Transcribe the data below verbatim from the line with "Thank you for" to the line with "Today we'll be". Include both of those lines.

(Exercise data begins)

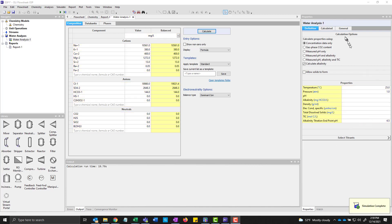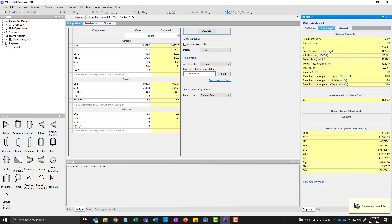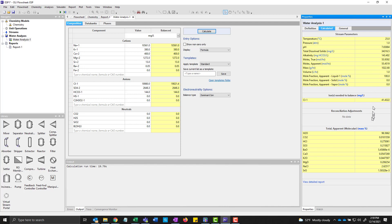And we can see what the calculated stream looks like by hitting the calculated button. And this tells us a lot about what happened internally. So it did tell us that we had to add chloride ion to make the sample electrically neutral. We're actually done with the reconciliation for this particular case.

(Exercise data ends)
(Exercise data begins)

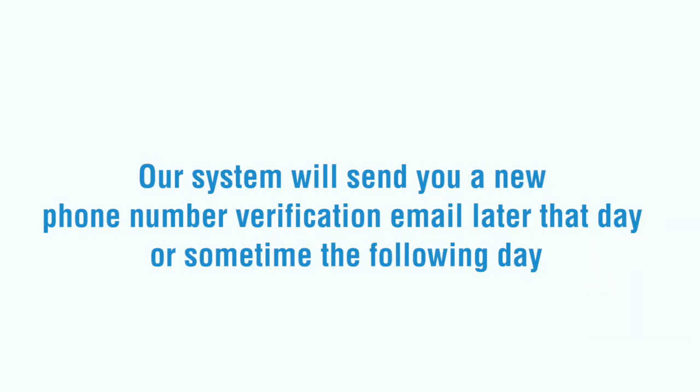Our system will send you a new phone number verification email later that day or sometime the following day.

(Exercise data ends)
(Exercise data begins)

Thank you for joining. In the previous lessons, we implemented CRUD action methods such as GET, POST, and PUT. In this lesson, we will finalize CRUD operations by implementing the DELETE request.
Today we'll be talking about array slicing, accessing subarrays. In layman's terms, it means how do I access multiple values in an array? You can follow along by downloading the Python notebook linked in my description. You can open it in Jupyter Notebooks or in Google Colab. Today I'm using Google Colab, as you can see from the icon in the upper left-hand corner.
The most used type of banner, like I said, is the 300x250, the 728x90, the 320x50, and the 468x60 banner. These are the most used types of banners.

(Exercise data ends)

= Exercise result =
Thank you for joining. In the previous lessons, we implemented CRUD action methods such as GET, POST, and PUT. In this lesson, we will finalize CRUD operations by implementing the DELETE request.
Today we'll be talking about array slicing, accessing subarrays. In layman's terms, it means how do I access multiple values in an array? You can follow along by downloading the Python notebook linked in my description. You can open it in Jupyter Notebooks or in Google Colab. Today I'm using Google Colab, as you can see from the icon in the upper left-hand corner.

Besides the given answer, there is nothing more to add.